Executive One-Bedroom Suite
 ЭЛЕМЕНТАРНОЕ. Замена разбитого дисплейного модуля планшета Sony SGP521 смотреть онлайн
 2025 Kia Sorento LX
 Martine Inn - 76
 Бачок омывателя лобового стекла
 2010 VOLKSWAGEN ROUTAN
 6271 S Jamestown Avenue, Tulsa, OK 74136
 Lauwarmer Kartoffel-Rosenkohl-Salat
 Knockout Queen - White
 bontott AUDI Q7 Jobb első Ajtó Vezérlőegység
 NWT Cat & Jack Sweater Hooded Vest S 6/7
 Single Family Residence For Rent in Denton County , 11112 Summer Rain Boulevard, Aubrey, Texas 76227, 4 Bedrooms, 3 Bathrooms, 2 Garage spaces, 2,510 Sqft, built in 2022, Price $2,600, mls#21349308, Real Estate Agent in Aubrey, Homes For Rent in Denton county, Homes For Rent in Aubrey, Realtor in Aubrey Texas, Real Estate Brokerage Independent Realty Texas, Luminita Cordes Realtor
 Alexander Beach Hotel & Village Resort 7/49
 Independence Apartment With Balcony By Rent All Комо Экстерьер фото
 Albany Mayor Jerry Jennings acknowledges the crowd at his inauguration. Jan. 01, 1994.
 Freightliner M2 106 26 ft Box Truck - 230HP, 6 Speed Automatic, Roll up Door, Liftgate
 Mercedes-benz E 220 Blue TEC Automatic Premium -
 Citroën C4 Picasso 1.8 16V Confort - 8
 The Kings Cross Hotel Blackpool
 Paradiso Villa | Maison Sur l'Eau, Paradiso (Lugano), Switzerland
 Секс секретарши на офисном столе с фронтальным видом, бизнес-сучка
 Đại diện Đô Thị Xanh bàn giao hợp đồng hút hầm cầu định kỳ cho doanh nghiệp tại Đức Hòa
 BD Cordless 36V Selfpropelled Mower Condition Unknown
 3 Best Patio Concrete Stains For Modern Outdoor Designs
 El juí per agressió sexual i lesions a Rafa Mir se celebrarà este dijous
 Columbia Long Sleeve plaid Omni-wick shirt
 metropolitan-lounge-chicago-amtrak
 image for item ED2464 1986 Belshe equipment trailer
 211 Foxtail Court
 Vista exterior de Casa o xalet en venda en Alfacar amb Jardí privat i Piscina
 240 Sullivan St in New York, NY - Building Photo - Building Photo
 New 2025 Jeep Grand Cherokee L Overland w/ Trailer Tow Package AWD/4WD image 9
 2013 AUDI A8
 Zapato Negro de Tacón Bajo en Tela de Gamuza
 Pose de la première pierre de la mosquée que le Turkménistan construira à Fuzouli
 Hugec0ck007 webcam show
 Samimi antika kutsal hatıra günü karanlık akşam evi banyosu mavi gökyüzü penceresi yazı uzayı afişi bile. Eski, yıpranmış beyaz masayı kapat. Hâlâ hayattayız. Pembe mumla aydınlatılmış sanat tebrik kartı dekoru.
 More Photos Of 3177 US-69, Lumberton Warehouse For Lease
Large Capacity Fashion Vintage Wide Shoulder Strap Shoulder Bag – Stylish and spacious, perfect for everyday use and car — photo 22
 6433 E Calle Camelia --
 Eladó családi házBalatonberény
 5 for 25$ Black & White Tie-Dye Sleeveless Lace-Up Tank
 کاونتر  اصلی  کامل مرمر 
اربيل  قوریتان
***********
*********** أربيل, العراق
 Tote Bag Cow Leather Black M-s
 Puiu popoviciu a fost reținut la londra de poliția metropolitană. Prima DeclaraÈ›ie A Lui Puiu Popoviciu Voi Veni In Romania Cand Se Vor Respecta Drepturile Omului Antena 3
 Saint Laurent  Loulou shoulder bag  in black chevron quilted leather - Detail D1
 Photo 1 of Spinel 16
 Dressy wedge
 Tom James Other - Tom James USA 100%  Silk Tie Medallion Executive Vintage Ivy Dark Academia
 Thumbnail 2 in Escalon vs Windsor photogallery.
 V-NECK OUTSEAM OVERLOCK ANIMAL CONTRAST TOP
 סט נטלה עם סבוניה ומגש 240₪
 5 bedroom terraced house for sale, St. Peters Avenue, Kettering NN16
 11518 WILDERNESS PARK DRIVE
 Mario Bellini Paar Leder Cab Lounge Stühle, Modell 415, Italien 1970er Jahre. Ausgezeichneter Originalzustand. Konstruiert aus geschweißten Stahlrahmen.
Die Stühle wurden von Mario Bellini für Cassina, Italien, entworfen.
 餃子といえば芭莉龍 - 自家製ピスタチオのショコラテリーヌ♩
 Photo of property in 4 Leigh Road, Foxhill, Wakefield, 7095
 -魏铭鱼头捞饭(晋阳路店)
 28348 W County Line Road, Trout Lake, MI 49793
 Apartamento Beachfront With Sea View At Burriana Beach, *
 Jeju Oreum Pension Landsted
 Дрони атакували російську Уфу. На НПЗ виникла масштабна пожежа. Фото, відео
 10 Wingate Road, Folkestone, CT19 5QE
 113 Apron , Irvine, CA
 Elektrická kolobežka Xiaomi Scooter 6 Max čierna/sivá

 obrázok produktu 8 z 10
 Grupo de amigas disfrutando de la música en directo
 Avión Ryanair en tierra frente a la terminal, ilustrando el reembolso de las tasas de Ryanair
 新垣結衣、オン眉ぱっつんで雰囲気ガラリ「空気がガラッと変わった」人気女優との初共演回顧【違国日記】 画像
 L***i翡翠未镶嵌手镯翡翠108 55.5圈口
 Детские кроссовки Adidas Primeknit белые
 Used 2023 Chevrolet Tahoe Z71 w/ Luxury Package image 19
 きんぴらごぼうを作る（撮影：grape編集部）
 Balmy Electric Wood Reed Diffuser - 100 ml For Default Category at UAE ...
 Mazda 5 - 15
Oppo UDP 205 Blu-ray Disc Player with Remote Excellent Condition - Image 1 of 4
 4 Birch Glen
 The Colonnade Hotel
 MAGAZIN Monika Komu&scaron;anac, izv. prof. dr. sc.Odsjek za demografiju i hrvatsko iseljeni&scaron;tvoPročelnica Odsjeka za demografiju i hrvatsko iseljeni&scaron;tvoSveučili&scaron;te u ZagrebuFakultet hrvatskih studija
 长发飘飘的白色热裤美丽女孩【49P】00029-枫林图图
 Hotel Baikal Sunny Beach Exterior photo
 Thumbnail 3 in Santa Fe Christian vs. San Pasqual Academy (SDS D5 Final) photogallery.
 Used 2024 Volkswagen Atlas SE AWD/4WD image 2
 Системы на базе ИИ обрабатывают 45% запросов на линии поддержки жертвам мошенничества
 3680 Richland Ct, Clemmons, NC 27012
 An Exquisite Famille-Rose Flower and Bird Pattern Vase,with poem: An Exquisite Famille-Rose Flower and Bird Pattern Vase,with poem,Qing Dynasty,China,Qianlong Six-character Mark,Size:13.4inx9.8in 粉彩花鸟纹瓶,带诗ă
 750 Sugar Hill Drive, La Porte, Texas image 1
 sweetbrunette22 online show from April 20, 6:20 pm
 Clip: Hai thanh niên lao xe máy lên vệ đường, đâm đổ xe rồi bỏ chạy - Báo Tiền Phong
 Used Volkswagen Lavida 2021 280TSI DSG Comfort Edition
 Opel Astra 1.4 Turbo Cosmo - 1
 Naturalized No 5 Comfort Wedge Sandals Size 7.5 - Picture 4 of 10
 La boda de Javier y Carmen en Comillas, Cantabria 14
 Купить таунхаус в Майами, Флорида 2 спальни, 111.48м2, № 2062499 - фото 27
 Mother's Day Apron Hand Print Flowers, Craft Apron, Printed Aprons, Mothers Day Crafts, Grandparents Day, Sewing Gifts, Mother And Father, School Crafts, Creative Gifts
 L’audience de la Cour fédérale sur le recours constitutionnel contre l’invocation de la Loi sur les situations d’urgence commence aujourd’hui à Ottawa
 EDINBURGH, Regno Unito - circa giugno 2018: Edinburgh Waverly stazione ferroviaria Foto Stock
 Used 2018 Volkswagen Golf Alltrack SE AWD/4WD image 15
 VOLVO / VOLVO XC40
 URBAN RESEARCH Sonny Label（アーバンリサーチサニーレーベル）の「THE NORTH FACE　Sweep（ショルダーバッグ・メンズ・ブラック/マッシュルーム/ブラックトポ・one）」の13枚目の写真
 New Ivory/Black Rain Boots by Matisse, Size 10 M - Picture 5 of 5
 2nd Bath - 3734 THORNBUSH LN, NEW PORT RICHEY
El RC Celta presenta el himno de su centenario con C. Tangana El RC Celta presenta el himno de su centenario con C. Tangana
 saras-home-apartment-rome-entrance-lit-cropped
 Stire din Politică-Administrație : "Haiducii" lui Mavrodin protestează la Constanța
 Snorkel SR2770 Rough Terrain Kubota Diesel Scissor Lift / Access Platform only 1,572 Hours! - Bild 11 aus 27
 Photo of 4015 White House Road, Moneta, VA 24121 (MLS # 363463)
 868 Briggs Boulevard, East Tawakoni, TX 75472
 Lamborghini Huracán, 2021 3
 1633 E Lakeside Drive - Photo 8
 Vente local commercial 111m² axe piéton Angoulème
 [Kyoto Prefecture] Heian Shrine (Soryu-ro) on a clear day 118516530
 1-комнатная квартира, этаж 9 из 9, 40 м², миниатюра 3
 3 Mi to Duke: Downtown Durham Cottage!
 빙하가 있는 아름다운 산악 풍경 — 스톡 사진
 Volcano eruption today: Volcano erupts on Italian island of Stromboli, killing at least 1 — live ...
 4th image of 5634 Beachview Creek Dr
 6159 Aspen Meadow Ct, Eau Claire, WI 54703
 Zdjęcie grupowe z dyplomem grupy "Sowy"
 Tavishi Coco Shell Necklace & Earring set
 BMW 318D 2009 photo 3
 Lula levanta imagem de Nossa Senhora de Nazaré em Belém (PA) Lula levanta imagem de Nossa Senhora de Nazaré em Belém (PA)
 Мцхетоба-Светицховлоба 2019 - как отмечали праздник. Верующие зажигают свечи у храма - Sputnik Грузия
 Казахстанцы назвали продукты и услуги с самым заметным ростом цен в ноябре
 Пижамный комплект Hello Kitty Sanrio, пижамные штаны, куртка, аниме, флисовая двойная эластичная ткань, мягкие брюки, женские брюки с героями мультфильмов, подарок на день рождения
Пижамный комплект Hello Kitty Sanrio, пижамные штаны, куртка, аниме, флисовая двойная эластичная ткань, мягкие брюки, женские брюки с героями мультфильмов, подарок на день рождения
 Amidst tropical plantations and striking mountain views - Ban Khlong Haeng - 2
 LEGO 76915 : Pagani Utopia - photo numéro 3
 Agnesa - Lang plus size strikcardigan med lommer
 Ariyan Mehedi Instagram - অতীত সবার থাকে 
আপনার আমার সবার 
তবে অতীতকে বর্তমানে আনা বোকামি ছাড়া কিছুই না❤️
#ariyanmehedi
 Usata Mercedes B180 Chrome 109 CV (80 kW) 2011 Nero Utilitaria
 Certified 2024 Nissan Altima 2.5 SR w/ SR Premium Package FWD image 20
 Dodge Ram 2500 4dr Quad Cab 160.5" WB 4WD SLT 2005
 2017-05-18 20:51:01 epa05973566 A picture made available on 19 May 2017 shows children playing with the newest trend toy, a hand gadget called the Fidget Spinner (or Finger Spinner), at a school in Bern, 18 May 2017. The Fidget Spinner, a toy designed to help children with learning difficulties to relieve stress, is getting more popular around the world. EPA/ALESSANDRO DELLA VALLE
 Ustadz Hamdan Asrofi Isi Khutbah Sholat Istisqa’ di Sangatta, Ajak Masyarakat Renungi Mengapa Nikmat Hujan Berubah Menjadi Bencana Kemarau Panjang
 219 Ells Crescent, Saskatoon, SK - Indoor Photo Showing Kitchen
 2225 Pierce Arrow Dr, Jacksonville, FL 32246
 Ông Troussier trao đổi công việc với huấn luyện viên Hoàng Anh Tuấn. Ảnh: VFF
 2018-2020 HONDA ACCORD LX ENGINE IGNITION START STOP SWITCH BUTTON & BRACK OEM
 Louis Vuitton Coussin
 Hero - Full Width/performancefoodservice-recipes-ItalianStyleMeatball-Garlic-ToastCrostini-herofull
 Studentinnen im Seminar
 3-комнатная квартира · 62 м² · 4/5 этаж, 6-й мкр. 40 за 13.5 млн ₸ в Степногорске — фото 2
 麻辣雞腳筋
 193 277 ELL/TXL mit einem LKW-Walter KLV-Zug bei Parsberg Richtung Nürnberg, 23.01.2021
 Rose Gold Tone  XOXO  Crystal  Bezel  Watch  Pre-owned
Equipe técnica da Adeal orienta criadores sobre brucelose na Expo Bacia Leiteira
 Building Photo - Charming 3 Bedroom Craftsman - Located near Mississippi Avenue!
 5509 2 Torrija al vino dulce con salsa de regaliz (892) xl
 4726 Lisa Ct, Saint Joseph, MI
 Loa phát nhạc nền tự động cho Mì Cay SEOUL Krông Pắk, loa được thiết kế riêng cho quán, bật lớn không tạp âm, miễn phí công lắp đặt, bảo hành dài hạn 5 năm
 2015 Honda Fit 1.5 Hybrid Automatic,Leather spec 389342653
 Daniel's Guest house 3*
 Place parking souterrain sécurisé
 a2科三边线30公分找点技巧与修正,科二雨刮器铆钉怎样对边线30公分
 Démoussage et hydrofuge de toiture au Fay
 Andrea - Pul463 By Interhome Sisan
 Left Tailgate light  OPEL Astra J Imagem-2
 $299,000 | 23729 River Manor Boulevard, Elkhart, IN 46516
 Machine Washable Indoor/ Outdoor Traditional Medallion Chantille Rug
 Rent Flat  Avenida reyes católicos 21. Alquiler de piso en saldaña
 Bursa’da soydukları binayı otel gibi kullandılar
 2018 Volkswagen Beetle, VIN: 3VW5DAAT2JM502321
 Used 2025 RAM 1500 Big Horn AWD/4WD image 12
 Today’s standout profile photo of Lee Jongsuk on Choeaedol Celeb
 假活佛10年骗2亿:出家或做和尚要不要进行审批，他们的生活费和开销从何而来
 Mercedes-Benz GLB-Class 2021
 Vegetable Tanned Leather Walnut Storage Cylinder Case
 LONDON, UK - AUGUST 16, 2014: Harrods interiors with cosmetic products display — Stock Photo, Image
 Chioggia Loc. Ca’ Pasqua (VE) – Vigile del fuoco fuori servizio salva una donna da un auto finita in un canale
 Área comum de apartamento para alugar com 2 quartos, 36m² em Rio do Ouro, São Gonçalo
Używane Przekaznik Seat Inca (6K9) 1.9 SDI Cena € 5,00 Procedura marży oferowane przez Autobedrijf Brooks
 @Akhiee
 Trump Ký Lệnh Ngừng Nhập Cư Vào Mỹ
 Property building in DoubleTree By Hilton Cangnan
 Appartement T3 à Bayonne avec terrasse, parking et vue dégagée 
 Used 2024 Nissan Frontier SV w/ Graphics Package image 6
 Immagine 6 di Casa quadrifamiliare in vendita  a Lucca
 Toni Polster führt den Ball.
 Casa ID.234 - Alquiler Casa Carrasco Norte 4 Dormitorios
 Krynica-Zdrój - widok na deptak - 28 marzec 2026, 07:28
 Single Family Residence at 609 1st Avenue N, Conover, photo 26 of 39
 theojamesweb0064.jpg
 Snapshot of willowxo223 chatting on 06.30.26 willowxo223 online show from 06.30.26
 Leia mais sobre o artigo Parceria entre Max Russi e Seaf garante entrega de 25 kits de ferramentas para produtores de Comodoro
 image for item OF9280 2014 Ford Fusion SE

**WORK TASK**
Extract every line containing the string "Automatic" from the data above.

**TASK RESULT**
 Freightliner M2 106 26 ft Box Truck - 230HP, 6 Speed Automatic, Roll up Door, Liftgate
 Mercedes-benz E 220 Blue TEC Automatic Premium -
 2015 Honda Fit 1.5 Hybrid Automatic,Leather spec 389342653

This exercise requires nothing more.